Upon the Altar of the Nation repeatedly founders on this contradiction. Stout wants to praise Lincoln for the Emancipation Proclamation, for instance, while blistering the North for its refusal to abandon the “central cultural principle of white supremacy and the politics of apartheid.” Yet this fine-sounding moralism is in tension with his eagerness to criticize Lincoln for allowing the old West Point code to be suspended, to blame Grant for never blinking at the cost in blood of his “if it takes all summer” strategy, to condemn Sherman for the suffering sown by his March to the Sea. What Stout never seems to consider is that it was precisely because the war changed in the Northern imagination from a limited struggle to a moral crusade — for emancipation, at least, if not equality — that it eventually seemed necessary not only to defeat the South but to conquer it, to end not only a government but a way of life. The more noble the war’s purposes, the greater the necessity to carry on to victory, no matter the cost — and the greater the necessity, too, that the South should not only lose but howl. The excesses of Sherman’s March to the Sea were implicit in the logic of the Emancipation Proclamation and the noble phrases of the Second Inaugural.
Ross Douthat, "The North, the South, and God"
Douthat explains at greater length my fear that America's wars are almost always revolutionary, even neo-Jacobinical. The idea of fighting simply for self-interest seems bourgeois and banal, not a sufficient motive for spilling the blood of our young men. (The exsanguination of our enemies' fighting youth is hardly ever a debated concern.) To this mindset, an ultimate sacrifice requires ultimate principles, and from there the utter vindication of such principles.
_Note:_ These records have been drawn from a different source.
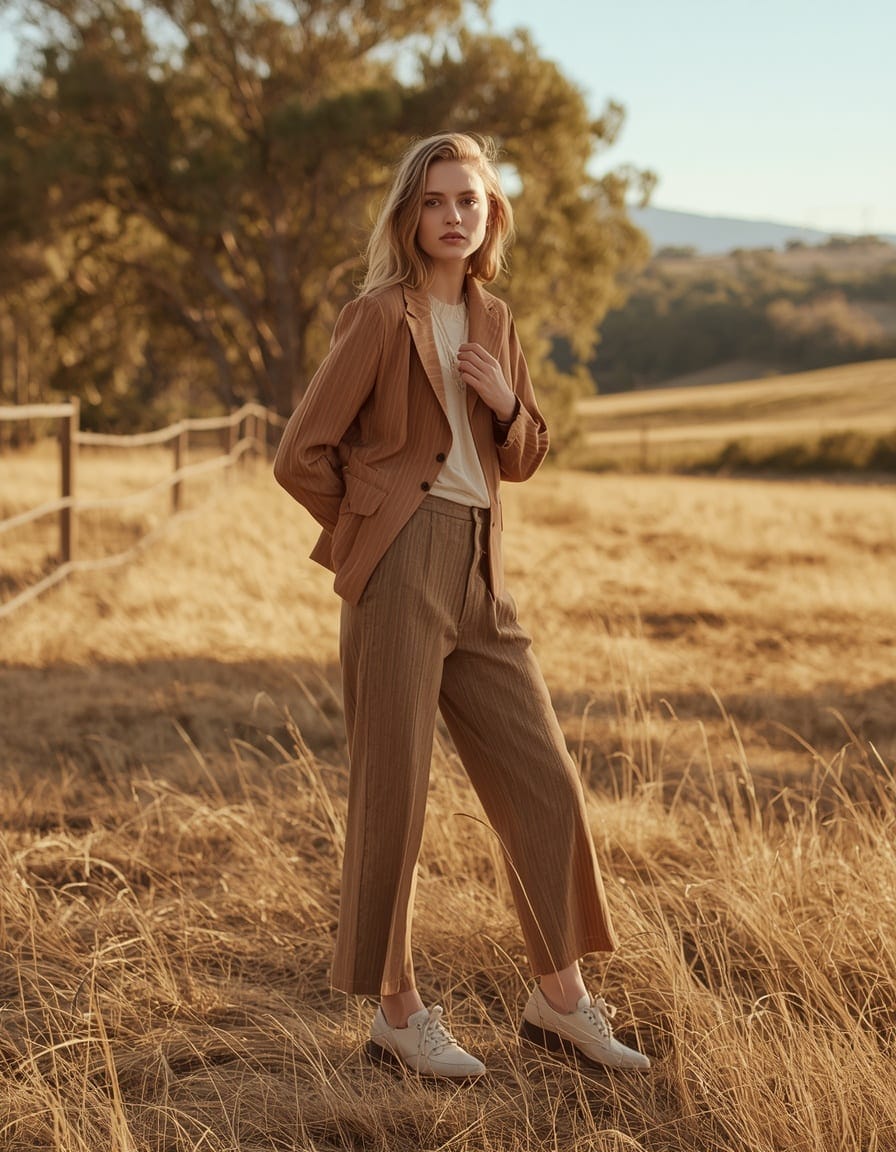 The Women's Lifestyle Edit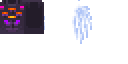 _Fr05T's MinecraftCapes Cape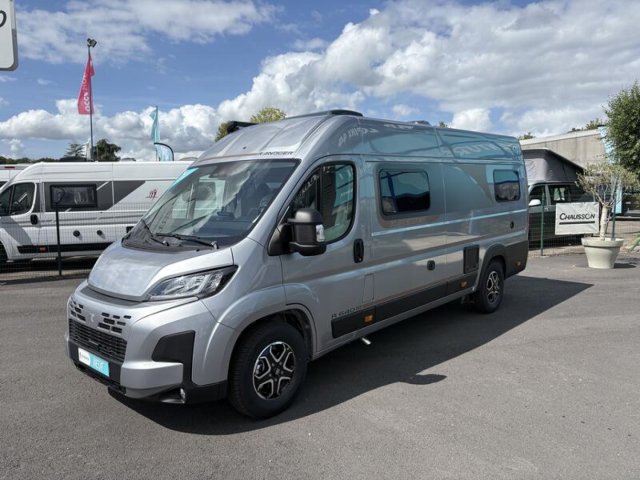 Randger R640 - Photo 3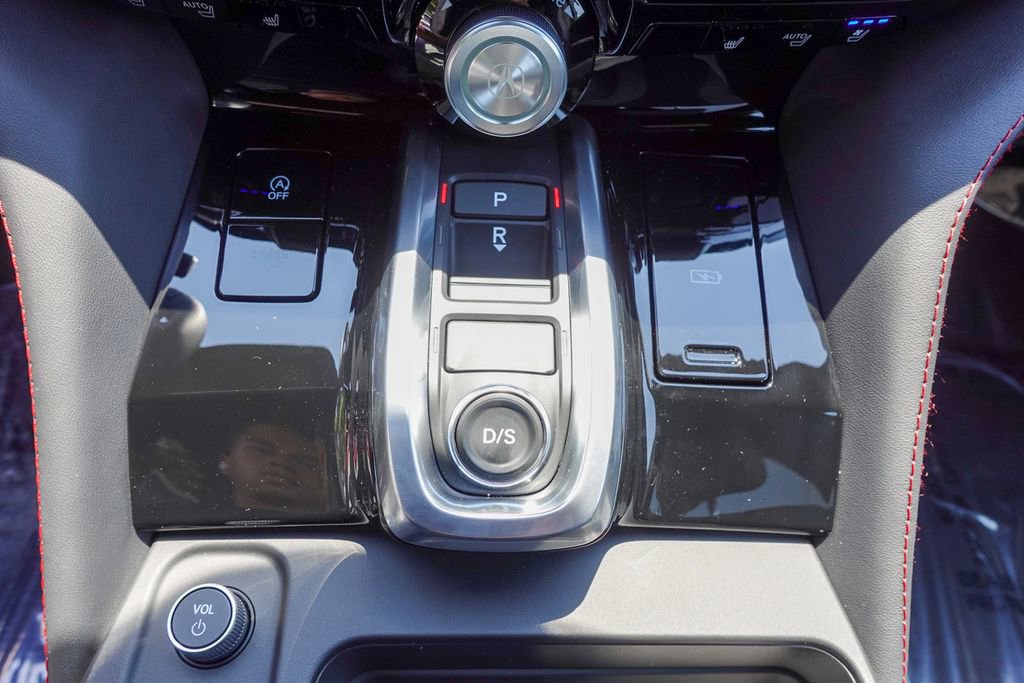 New 2026 Acura MDX A-Spec image 22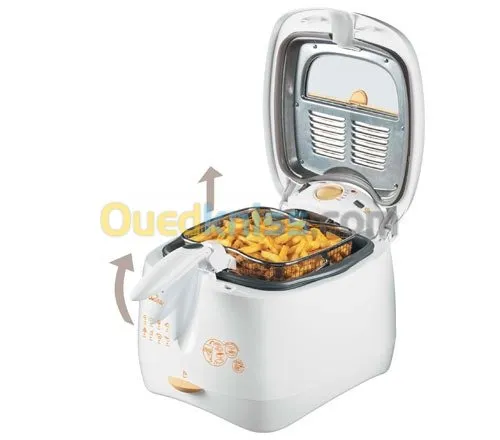 Friteuse Philips HD6159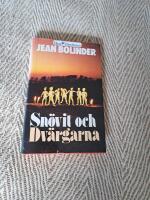 Sn&ouml;vit och dv&auml;rgarna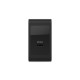 Green Cell CHAR07 mobile device charger Black Indoor Green Cell CHAR07 mobile device charger Black Indoor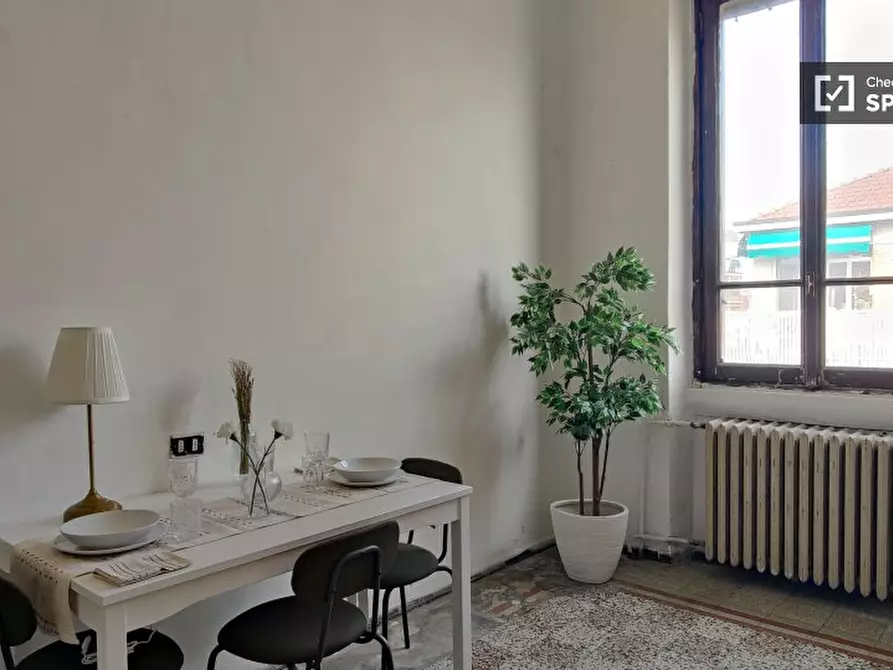 Immagine 2 di Appartamento in affitto  in Via Carlo Forlanini a Milano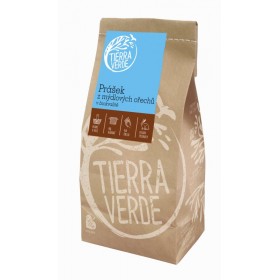 Tierra Verde Prášek z mýdlových ořechů BIO (sáček 500 g)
Hence ideological hawks are incredibly resistant to any jus ad bellum and sometimes even jus in bello ethical constraints. Revolutionaries dismiss such limitations as barriers to total victory. "Limited war" is perceived to be an oxymoron; we must sin, so let us "sin boldly" in battle. Douthat continues:
This paradox extends beyond the battlefields of the Civil War to any conflict that seeks a kind of cosmic justice or takes on the flavor of a crusade. The ends don’t justify the means, but if your ends seem important enough — the end of slavery in the nineteenth century, the defeat of Nazi Germany or Imperial Japan in the twentieth — well, which leader is prepared to sacrifice jus ad bello for the sake of jus in bello and lose a greater justice for a smaller one? If you’re fighting to “end all wars” or to “end evil” — to borrow one of the more sweeping definitions of our present conflict — then doesn’t every weapon need to be considered, every measure allowed?
He ends with a remark on the tensions between Christian just war ethics and warfare, though without much comment. It is an opinion that would require another essay to explain. My own great concern is that, while our military men are taught Just War Theory by professional soldiers and chaplains with earnest concern, politicians and diplomats are taught about Just War by cynical "Realist" professors with sneering contempt. David B. Hart described one of the former earnest teachers being placed in the unhappy position of arguing: "Christians must both obey the principles of just war and also resign themselves to fighting at the behest of a political order that has not necessarily placed itself under the sway of those principles." This is a tension that is not going to abate any time soon.